Решение идти на таран созрело внезапно. Стальной винт — тоже оружие. Увеличиваю газ. Расстояние между нами уменьшается. Два… один метр до хвостового оперения. Увеличиваю шаг винта. Пропеллер уже под хвостом „юнкерса“. Легонько задираю вверх нос. Ударил винтом по хвосту врага и срезал руль поворота. Вторым приёмом отрубил рули глубины. Бомбардировщик потерял управление и камнем полетел вниз. Пользуясь большим запасом высоты, начал планировать в сторону аэродрома и благополучно приземлился».

(«Правда» от 10 июля 1941 года).

Это был один из первых таранов. Шёл седьмой день войны.

Мало, до обидного мало — всего 18 дней жизни — отпустила Здоровцеву военная судьба, сто боевых вылетов, три самолёта успел сбить и один таранил. А сколько бы смог еще! Но и свершенного хватило, чтобы имя его навсегда осталось в памяти народной.

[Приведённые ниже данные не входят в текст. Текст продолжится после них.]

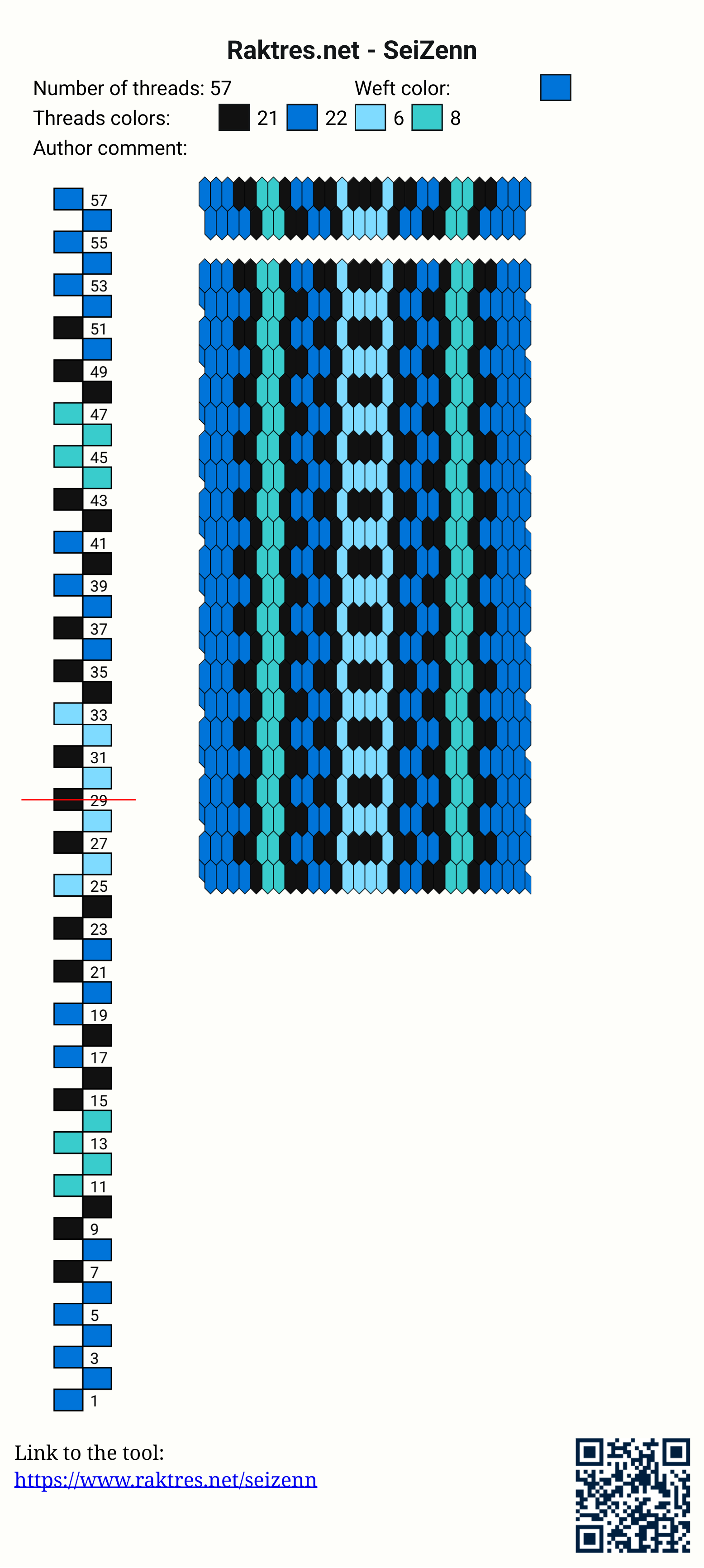 A plain weave inkle pattern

Уже после гибели Здоровцев как бы символически участвовал в обороне своего родного Сталинграда. Катер с его именем на борту под огнём врага курсировал от памятника Хользунову до Красной Слободы, перевозя раненых и грузы.

Пушки Сталинграда

…На дрожащей земле царил ад, а небо исчезло в дыму и пыли. Стреляли уже на флангах и в тылу. Но командир батареи Успенский ничего этого не слышал. Связной из штаба отчаянно дёргал сзади за гимнастёрку и, тщетно пытаясь перекрыть грохот боя, кричал:

— Старший лейтенант, приказ срочно отходить… отходить приказано…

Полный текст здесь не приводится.